## DATA FOR PROCESSING
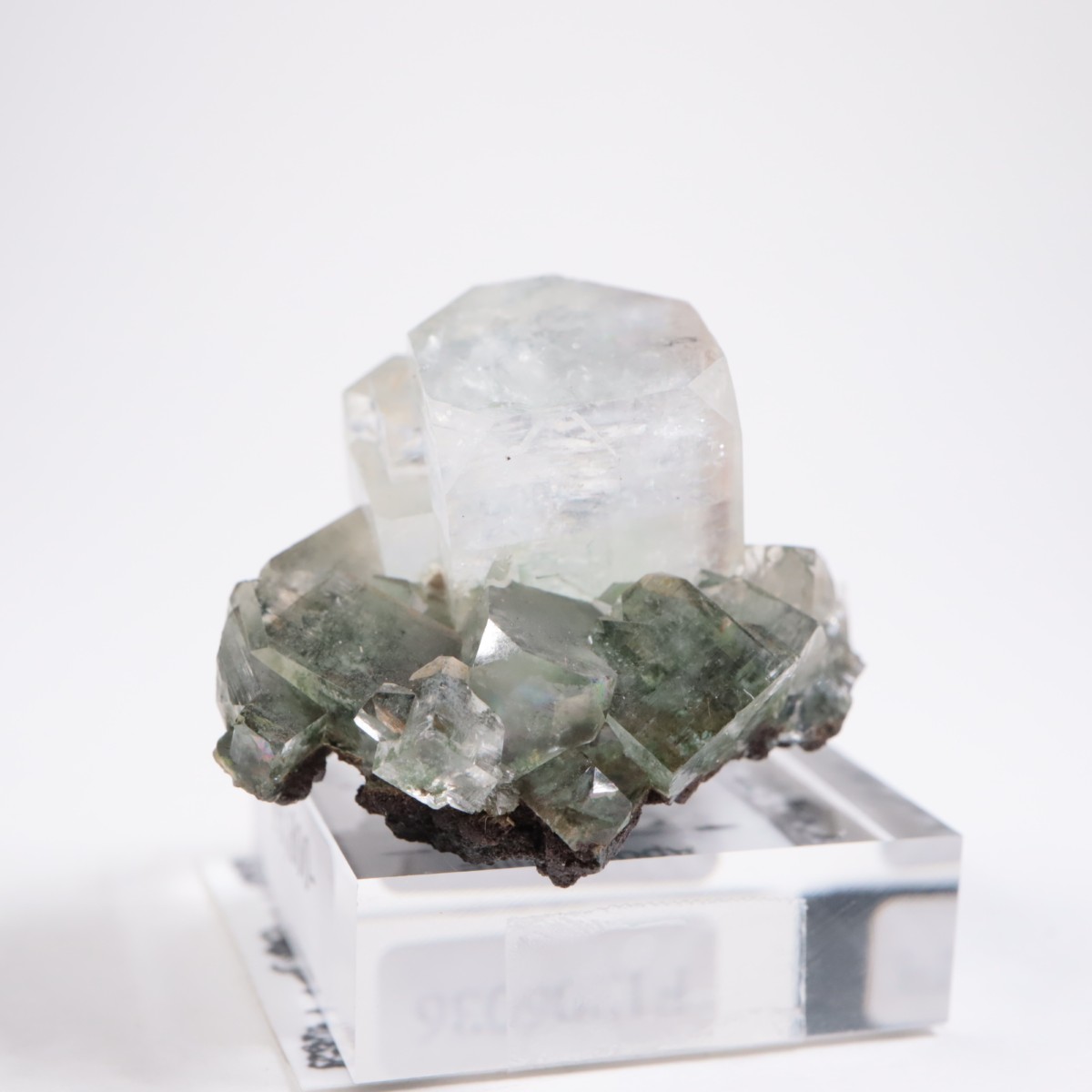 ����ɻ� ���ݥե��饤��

* * *

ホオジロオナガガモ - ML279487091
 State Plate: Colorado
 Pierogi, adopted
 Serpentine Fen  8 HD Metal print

## WHAT NEEDS TO BE DONE
Retype word for word everything in the listing above from the line that holds "Pierogi, adopted" down to the line that holds "HD Metal print". Keep both end lines and leave out the rest.

## ANSWER SECTION
 Pierogi, adopted
 Serpentine Fen  8 HD Metal print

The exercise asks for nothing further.